Bei fehlender Einstufung als «site polluée» greifen die Bodenbestimmungen der LPE statt der OSites.
“La législation sur la protection des sols (art. 33 à 35 LPE) s'applique lorsque le terrain contaminé ne peut pas être qualifié de site pollué au sens de l'OSites (cf. TF 1C_609/2014 du 3 août 2015 consid. 3.1). L'objectif général du droit de la protection des sols est la conservation à long terme de la fertilité des sols (cf. art. 33 al. 1 LPE). Si les atteintes constituent une menace pour l’homme, pour les animaux ou pour les plantes, les cantons restreignent autant que nécessaire l’utilisation du sol (art. 34 al. 2 LPE).
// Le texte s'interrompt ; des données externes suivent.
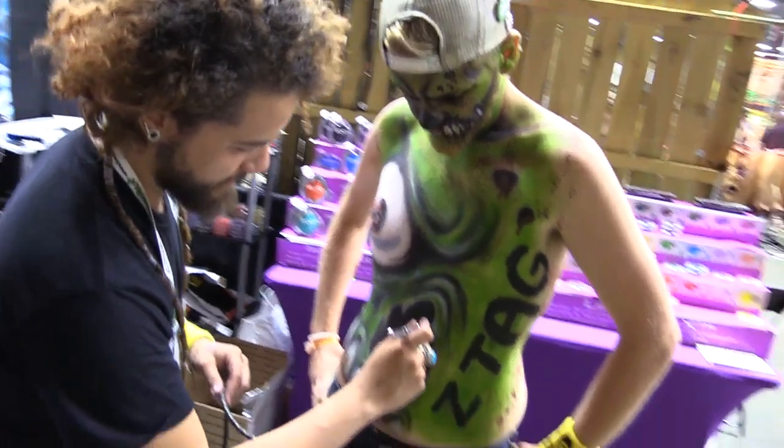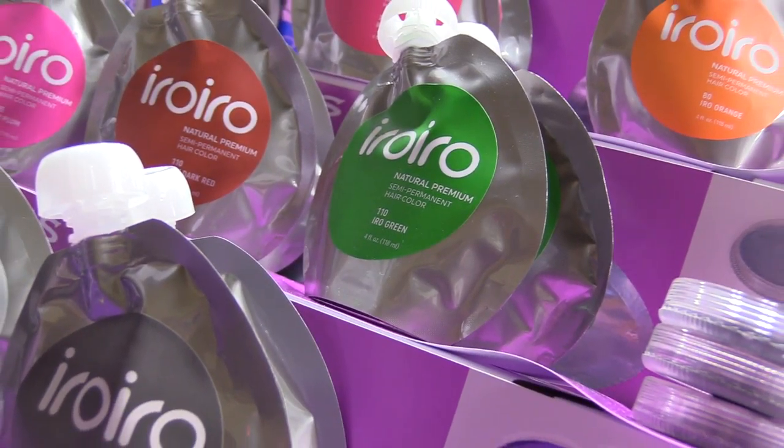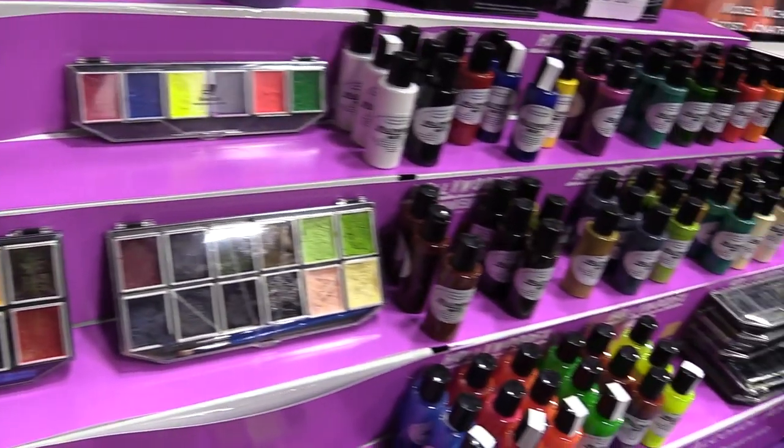My name is Ish Peralta. I'm a body painter. I'm here at Midwest Hunters Convention representing the I Love FX booth, here as the I Love FX body painter for the weekend to demo their products.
Le Conseil fédéral peut fixer des valeurs indicatives et des valeurs d’assainissement en vue d’évaluer les atteintes portées aux sols (art. 35 al. 1 LPE). Les valeurs indicatives indiquent le niveau de gravité des atteintes au-delà duquel, selon l’état de la science ou l’expérience, la fertilité des sols n’est plus garantie à long terme (art. 35 al. 2 LPE). Les valeurs d’assainissement indiquent le niveau de gravité des atteintes au-delà duquel, selon l’état de la science ou l’expérience, certaines exploitations mettent forcément en péril l’homme, les animaux ou les plantes (art. 35 al. 3 LPE). Les valeurs d'assainissement sont conçues comme une limite absolue. Si la pollution est supérieure, elle est considérée dans tous les cas comme dangereuse pour la santé (TF 1C_609/2014 du 3 août 2015 consid. 3.1). Les art.”